Academy Entertainment
- Formerly: Academy Home Entertainment (1984-1987)
- Type: Subsidiary
- Industry: Home video
- Founded: November 20, 1984; 41 years ago
- Founder: Roger Reese
- Defunct: 1994; 32 years ago
- Headquarters: Beverly Hills, California, United States

= Academy Entertainment =

American home video distributor (1985-1994)

Academy Entertainment is a home video distributor that was founded in 1984 by Roger Reese as a unit of Artec, Inc. to distribute home video titles. It was based in Beverly Hills, California. The company went defunct in 1994.

== History ==
The company was originally founded in 1984 as Academy Home Entertainment by Roger Reese to distribute videocassettes as a subsidiary of Artec, Inc., with Artec taking majority control of the company. It had two offices in Beverly Hills, California, and Artec's plant in Shelburne, Vermont.

In 1985, Artec took over a 50% stake in the company, and started making pre-recorded home video releases. The company had intended to release low-budget movies on videocassette. The company then signed a deal with Trans-Atlantic Enterprises to release its titles on videocassette after its showings at the American Film Market. In late 1985, Jim Fisher was named executive vice president of Academy Home Entertainment.

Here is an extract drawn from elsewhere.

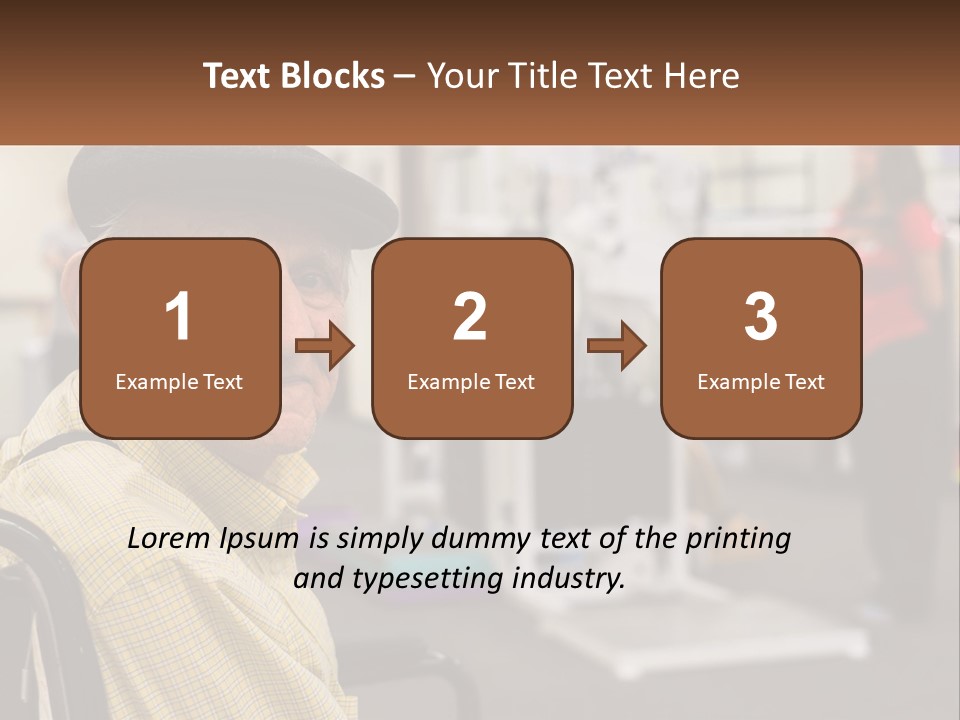 Construction Property Home PowerPoint Template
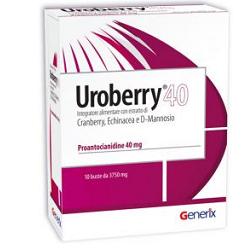 UROBERRY 40 10 BUSTINE - Antica Farmacia Ferrari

In early 1986, the company signed a Canadian home video deal with Monte Video Distributing, Ltd. to issue home video releases in Canada. In mid-1986, the company purchased rights to titles from Crown International Pictures, which were released on home video. In 1986, Robert Baruc was named president of the company, replacing Roger Reese. Around the same time, Academy bought the home video distribution rights to the Troma film Play Dead. In August 1986, the company introduced a new home video line, Infovid, designed for instructional videos.

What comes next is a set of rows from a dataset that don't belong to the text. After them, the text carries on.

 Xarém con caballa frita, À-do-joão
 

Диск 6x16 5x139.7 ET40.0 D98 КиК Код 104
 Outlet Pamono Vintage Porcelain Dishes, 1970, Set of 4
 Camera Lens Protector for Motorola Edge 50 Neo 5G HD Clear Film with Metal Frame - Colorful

In 1987, the company signed a deal with Shapiro Entertainment through which Academy released its titles on videocassette. The company shortened its name to Academy Entertainment in 1987 to reflect the expansion, and released its title Concrete Angels, with The Beatles-related merchandise, on home video. In late 1987, the company released the Ralph Bakshi title Coonskin on home video for the first time, under the title Streetfight.

In early 1988, the company reduced prices on 58 titles. In 1988, the company hit its biggest title, Blue Movies, which was released on March 16, 1988. In August 1988, the company signed a deal with Steven Paul's company Paul Home Vision, to release its titles on home video. In September 1988, the company offered two prepack releases of its upcoming titles for November, Sexpot and Take Two. In late 1988, the company entered the laserdisc business.

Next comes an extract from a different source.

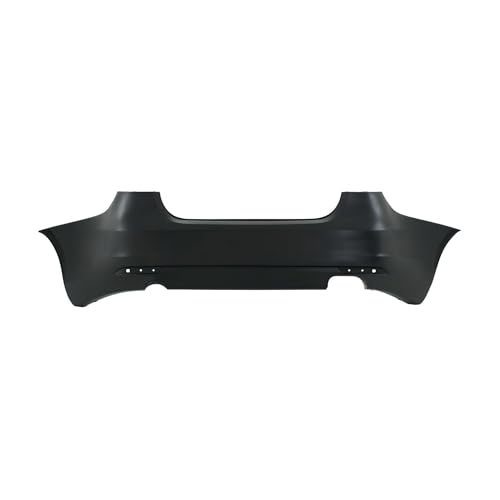 Image of FitParts Compatible with Volkswagen Jetta 2011-2014 Rear Bumper Cover | CAPA Certified, Primed, Without Tow Hook Hole, Ready to Paint, OEM 5C6807418AGRU, VW1100186
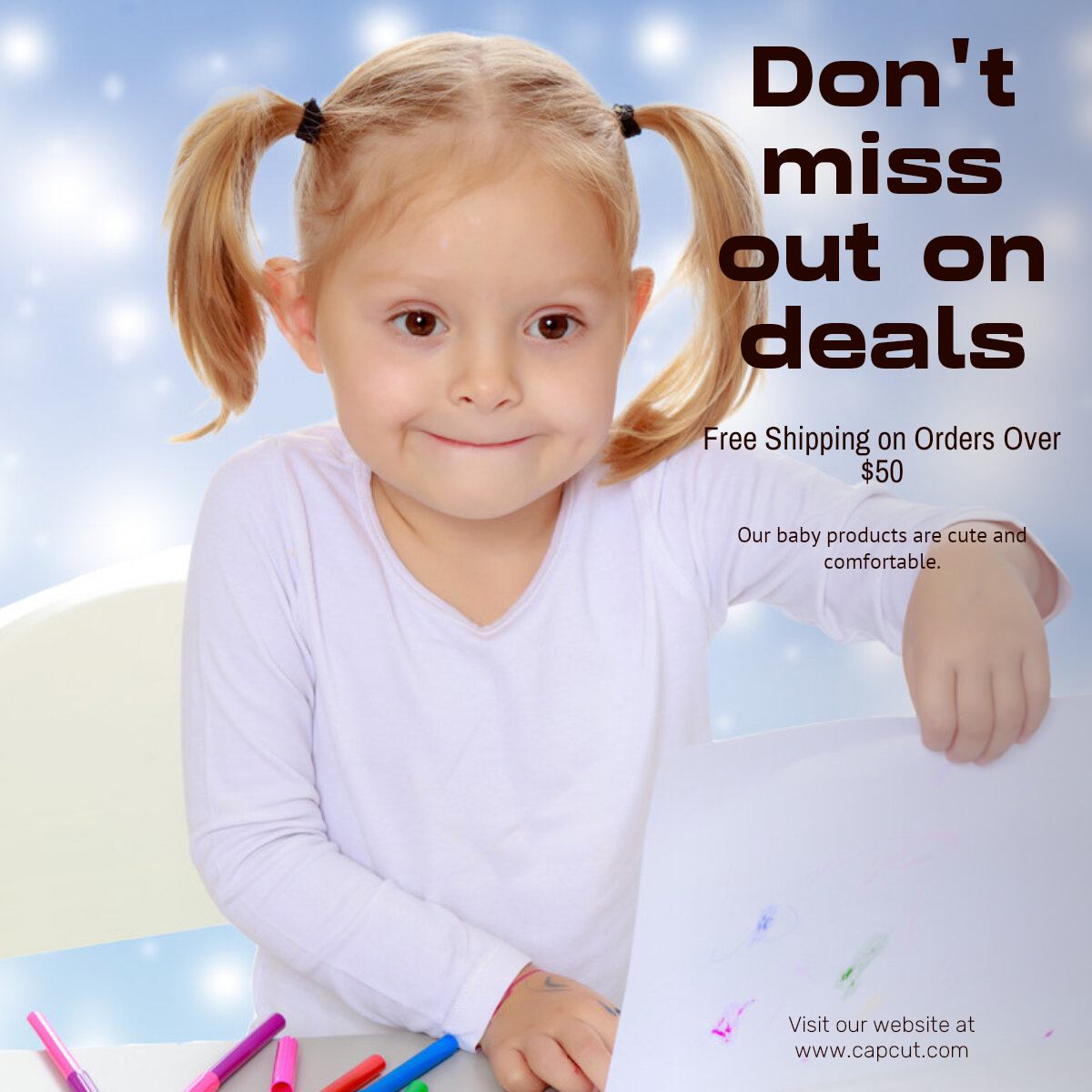 Promoción de ventas de cuidado materno e infantil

In 1989, the company expanded into making theatrical films with a distribution deal with Skouras Pictures, with Dealers the first film financed by the video company. In 1990, the company sold home video rights of The Amityville Curse and Amityville 4: The Evil Escapes to rival home video distributor Vidmark Entertainment. Also in 1990, Robert Baruc was named president of the company's theatrical division of the company, Academy Pictures, which was designed to sell films for movie theaters.

In 1992, the company was expanded further, to include a telemarketing arm.

In 1994, foreign film distributor Communications & Entertainment Corp signed a deal to purchase Academy Entertainment from Artec Corporation, and later shut down its business.